* WORK ORDER *
Look through the listing below for the line containing "LG önyükləməli paltaryuyan". Copy it and each line after it up to and including the line containing "Hiển thị ngũ", exactly, leaving out pictures.

* MATERIAL FOR THIS TASK *
------------------------------------------------------------------------

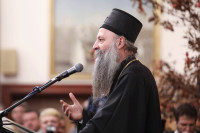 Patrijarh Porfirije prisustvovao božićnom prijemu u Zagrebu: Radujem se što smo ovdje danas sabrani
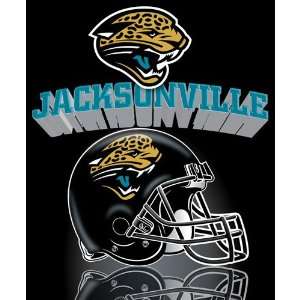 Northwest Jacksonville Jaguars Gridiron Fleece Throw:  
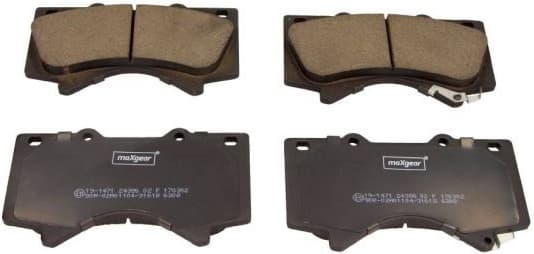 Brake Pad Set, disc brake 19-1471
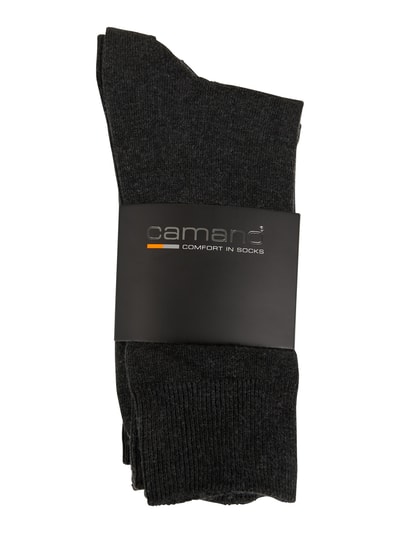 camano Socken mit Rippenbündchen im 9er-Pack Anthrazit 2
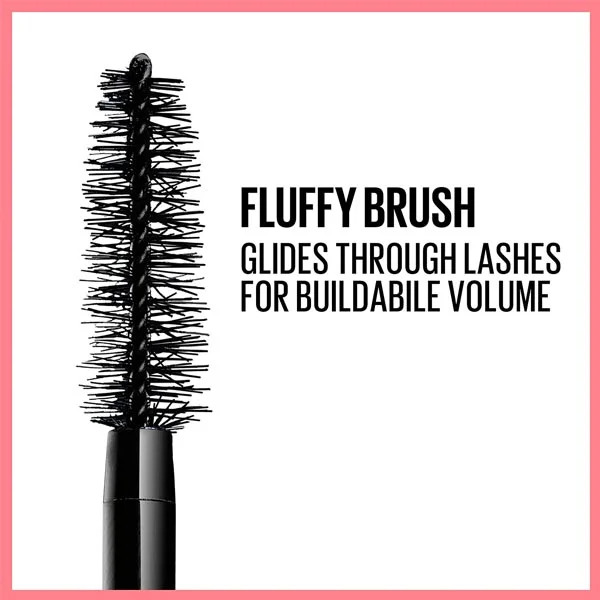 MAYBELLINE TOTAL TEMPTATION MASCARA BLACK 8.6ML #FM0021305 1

------------------------------------------------------------------------

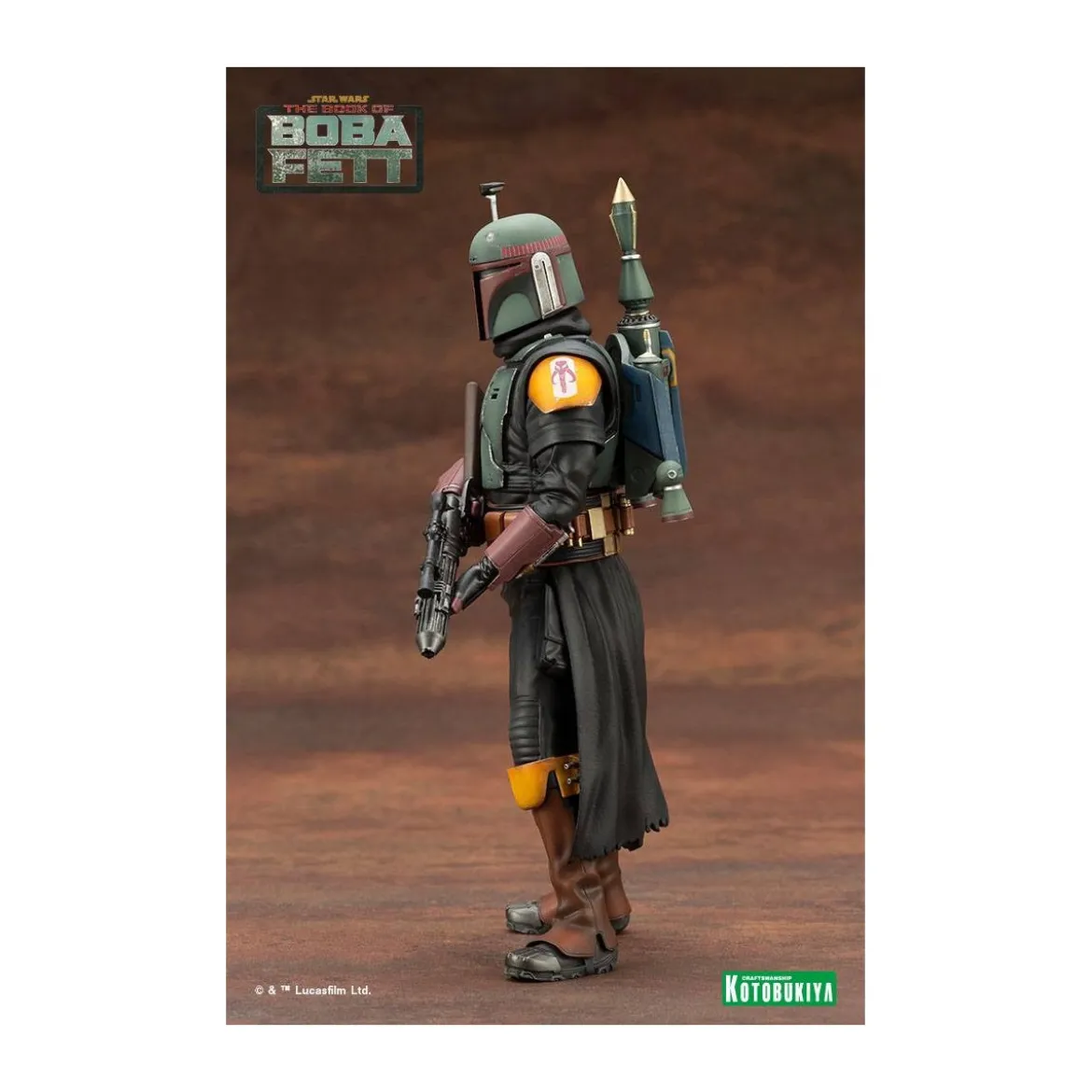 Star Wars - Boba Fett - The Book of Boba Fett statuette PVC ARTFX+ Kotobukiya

------------------------------------------------------------------------

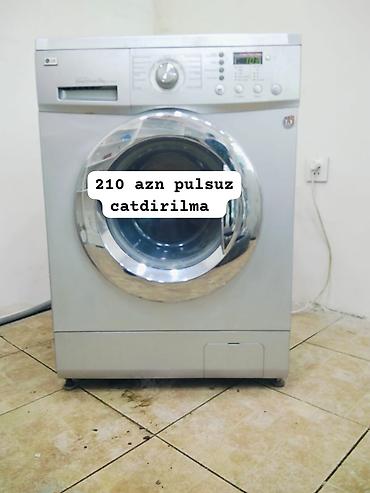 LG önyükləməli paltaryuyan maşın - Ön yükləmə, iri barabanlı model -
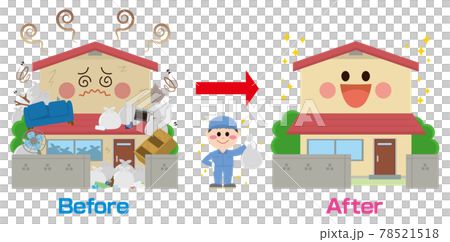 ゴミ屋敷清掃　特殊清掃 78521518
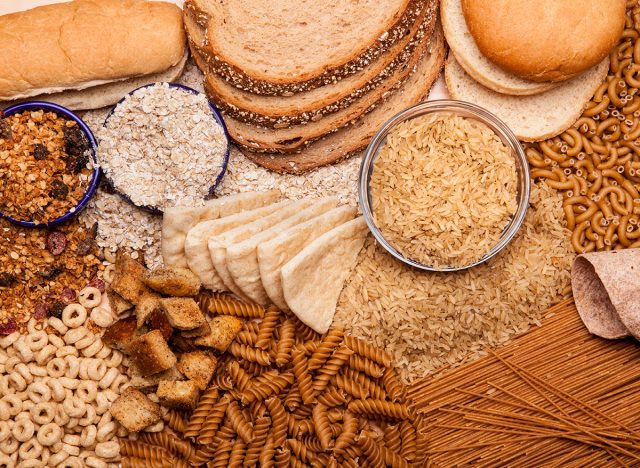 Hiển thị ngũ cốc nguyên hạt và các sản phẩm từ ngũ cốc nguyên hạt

------------------------------------------------------------------------

* OUTPUT FOR THIS EXERCISE *
 LG önyükləməli paltaryuyan maşın - Ön yükləmə, iri barabanlı model -
 ゴミ屋敷清掃　特殊清掃 78521518
 Hiển thị ngũ cốc nguyên hạt và các sản phẩm từ ngũ cốc nguyên hạt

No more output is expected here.